Steve Miller is a former Las Vegas City Councilman. In 1991, the readers of the Las Vegas Review Journal voted him the "Most Effective Public Official" in Southern Nevada. Visit his website at:

The ghosts of Buffalo Jim and the Crazy Horse Too
It's a classic case of the baby going down the drain with the bath water

INSIDE VEGAS by Steve Miller
August 18, 2008

                                         Midnight, Saturday, August 16, 2008

                                            Buffalo Jim Barrier, August 30, 2007

LAS VEGAS - At midnight last Saturday, I took a walk around the carcass of the Crazy Horse Too "Gentleman's Club." The government had permanently closed the once prosperous topless bar on July 1, 2007, and it now lies decaying in the mid summer's desert heat.

The 2.3 acre property adjacent to the Union Pacific tracks is now owned by the United States of America after it was seized last year.
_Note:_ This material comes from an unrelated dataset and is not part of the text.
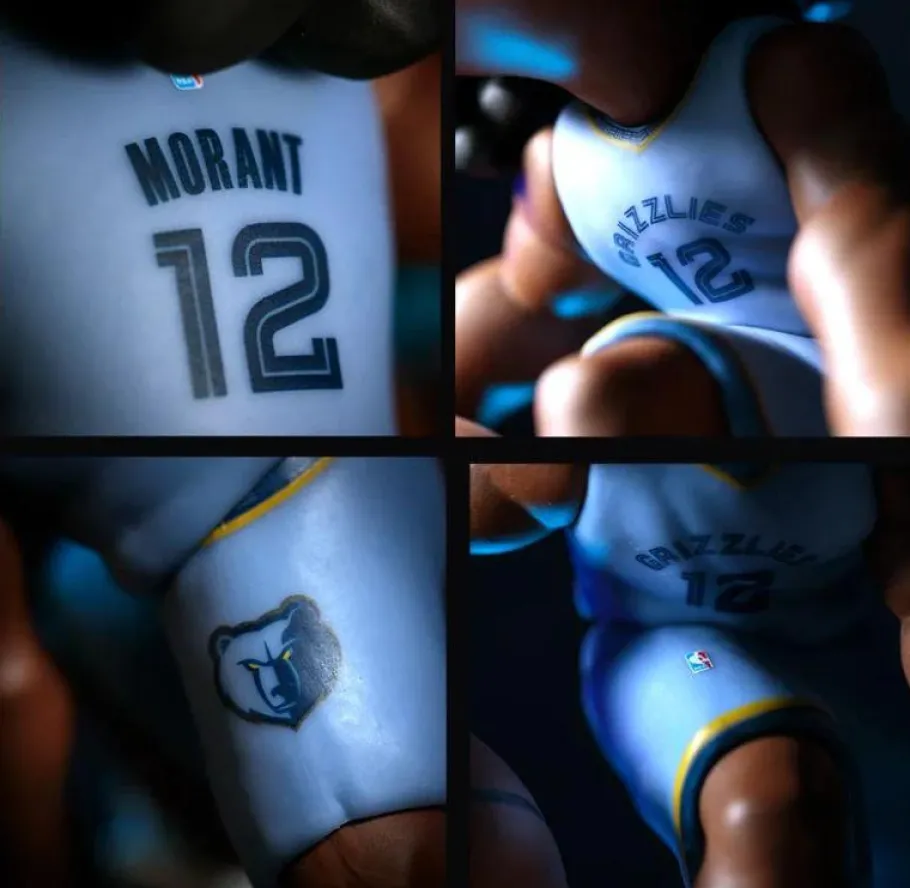 Designer Vinyl>NBA Basketball - Ja Morant Memphis Grizzlies smAll-Stars Minis 6" Vinyl Figure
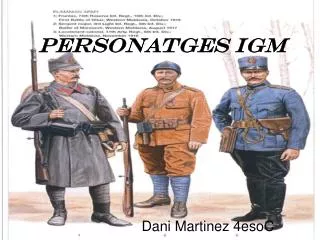 personatges igm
It was still over 100 degrees at midnight, and the air near the shuttered building was permeated with the smell of human excrement from a leaking sewer line, along with other aromas from the hobo jungle under the nearby Sahara overpass once used as the valet parking lot for the bar. The sad remains of racketeer Rick Rizzolo's ill conceived efforts were illuminated by a few broken electric signs that the feds pay to keep on for security reasons. A security guard was no where to be found in order to save taxpayers the wasteful expense of trying to protect the value of a dead horse.

While I walked, I couldn't help but feel the presence of my departed best friend Buffalo Jim Barrier. Oh how he would have loved to have been there with me surveying the now-scorched earth that was once the most successful topless bar in the US. Single-handedly, he killed the Mafia's gold mine, something that took him over a decade, and may have cost him his life, but saved many others.

                         Crazy Horse Too - 2001                                                   Crazy Horse Too - 2008

How could something so lucrative go so wrong?

Greed, and a lust for blood. These two perverse traits led Rizzolo's hoodlums to ruin the most profitable business per square foot ever to exist in Sin City. Under the leadership of "made men," customers were taught a lesson if they refused to go along with the program, and the hoods enjoyed watching them suffer.

When hapless tourists showed up wearing wedding rings and flashing cash, many received a dose of GHB, then were mugged by club bouncers. If they had high credit limits on their charge cards, they might be charged to their max, and if they refused to sign the bogus tab, some were beaten until they did. The police did nothing. Neither did the city. This went on for years, and Buffalo Jim reported everything to the feds on a daily basis.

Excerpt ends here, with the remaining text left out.